The empty set $\emptyset \in {\cal P}(\mathbb{N})$ is the neutral element, the operation is commutative, but not associative: if $A = \{0\}$ and $C = \{1\}$, then $(A \oplus A) \oplus C = \{2\}$, but $A \oplus (A \oplus C) = \emptyset$.

However, every element of ${\cal P}(\mathbb{N})$ has an inverse with respect to $\oplus$.

Let us call $U\subseteq {\cal P}(\mathbb{N})$ a subgroup of ${\cal P}(\mathbb{N})$ if it is closed under $\oplus$ and taking inverses, and if $U$ is associative. Zorn's Lemma implies that every subgroup is contained in a maximal subgroup of ${\cal P}(\mathbb{N})$ with respect to set inclusion $\subseteq$.

Question. Do all maximal subgroups of ${\cal P}(\mathbb{N})$ have the same cardinality? And is there an uncountable subgroup of ${\cal P}(\mathbb{N})$?

(Only one of the questions needs to be fully answered for acceptance.)

Answer 1

Following the suggestion in a comment by Achim Krause I will show that the only solution of the equation $(x\oplus x)\oplus(x\oplus x)=x\oplus(x\oplus(x\oplus x))$ in the magma $(\mathcal P(\mathbb N),\oplus)$ is $x=\emptyset$, whence $\{\emptyset\}$ is the only associative submagma of $(\mathcal P(\mathbb N),\oplus)$.

It will be convenient to identify an element of $\mathcal P(\mathbb N)$ with its characteristic function as a subset of $\mathbb Z$, so that for $x\in\mathcal P(\mathbb N)$ and $n\in\mathbb Z$ we have $x_n=1$ if $n\in x$ and $x_n=0$ if $n\notin x$; in particular $x_n=0$ for all $n\lt0$. Thus for all $n\in\mathbb Z$ and $x,y\in\mathcal P(\mathbb N)$ we have $(x\oplus y)_n=x_n+y_n+x_{n-1}y_{n-1}$ (addition modulo $2$).
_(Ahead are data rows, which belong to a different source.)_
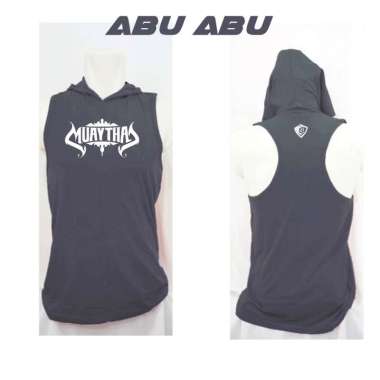 Lekbong Hoodie Gym Topi Fitness Muaythai MArtial Art L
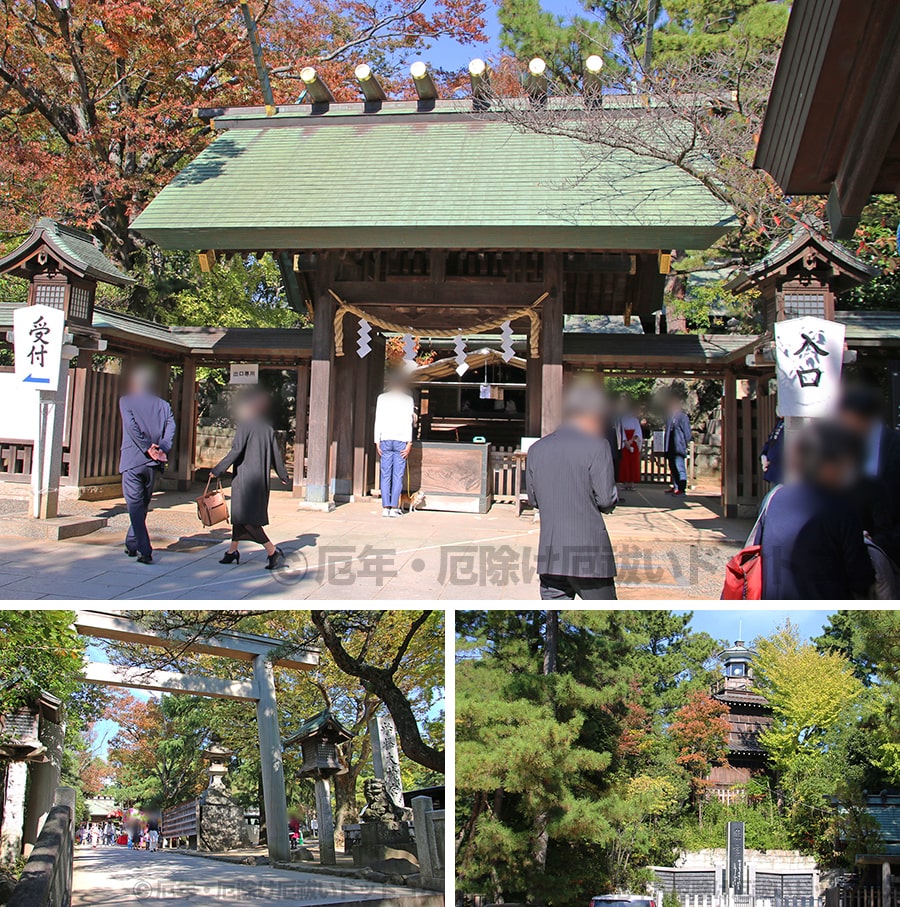 意富比神社（船橋大神宮）の境内・本殿などの様子｜実際に訪問・参拝時に撮影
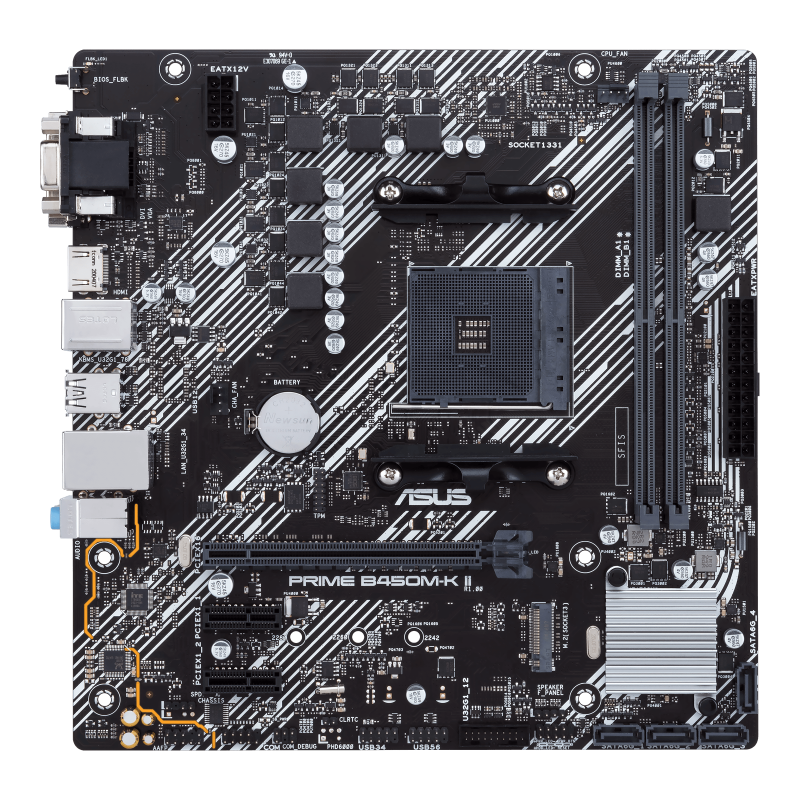 ASUS PRIME B450M-K II Motherboard 2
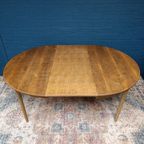 Vintage Eiken Ronde Tafel, Deens Design Van Henning Kjaernulf, thumbnail 4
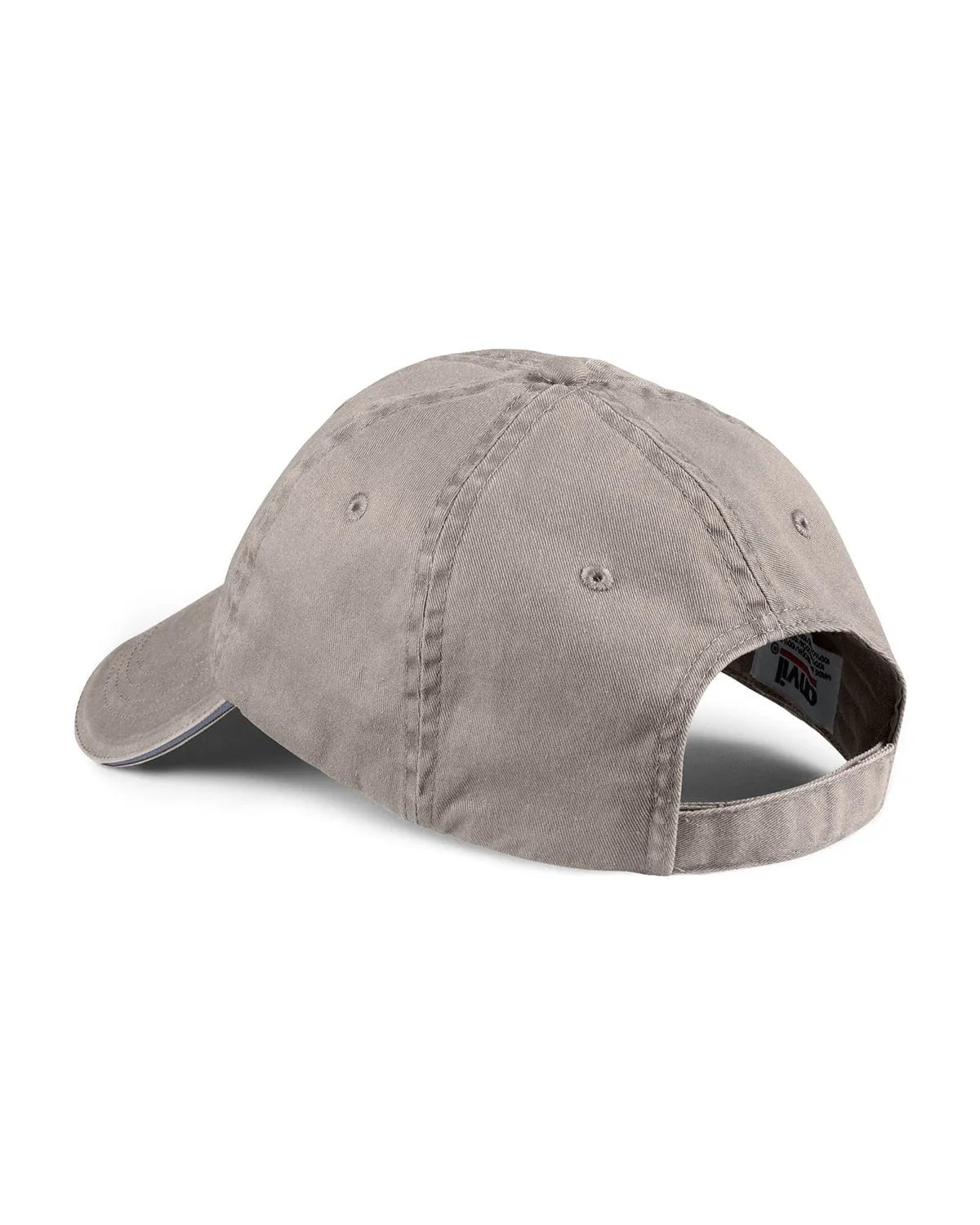 Anvil Low-Profile Pigment-Dyed Twill Cap | Taupe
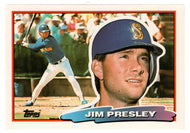 Jim Presley - Seattle Mariners (MLB Baseball Card) 1988 Topps Big # 90 Mint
Now, for any $x\in\mathcal P(\mathbb N)$ and any $n\in\mathbb Z$, we have $$(x\oplus x)_n=x_n+x_n+x_{n-1}x_{n-1}=x_{n-1}$$ and $$((x\oplus x)\oplus(x\oplus x))_n=(x\oplus x)_{n-1}=x_{n-2},$$ so that $$((x\oplus x)\oplus(x\oplus x))_{n+2}=x_n.\tag1$$ Also $$(x\oplus(x\oplus x))_n=x_n+x_{n-1}+x_{n-1}x_{n-2}$$ and $$(x\oplus(x\oplus(x\oplus x)))_n=$$$$x_n+(x_n+x_{n-1}+x_{n-1}x_{n-2})+x_{n-1}(x_{n-1}+x_{n-2}+x_{n-2}x_{n-3})$$$$=x_{n-1}x_{n-2}x_{n-3},$$ so that $$(x\oplus(x\oplus(x\oplus x)))_{n+2}=x_{n+1}x_nx_{n-1}.\tag2$$ If $(x\oplus x)\oplus(x\oplus x)=x\oplus(x\oplus(x\oplus x))$, then from $(1)$ and $(2)$ we have $$x_n=((x\oplus x)\oplus(x\oplus x))_{n+2}=$$$$(x\oplus(x\oplus(x\oplus x)))_{n+2}=x_{n+1}x_nx_{n-1},$$ whence $x_n=1\implies x_{n+1}=x_{n-1}=1$, i.e., $x$ is a constant function. Since $x_n=0$ for $n\lt0$, it follows that $x_n=0$ for all $n$.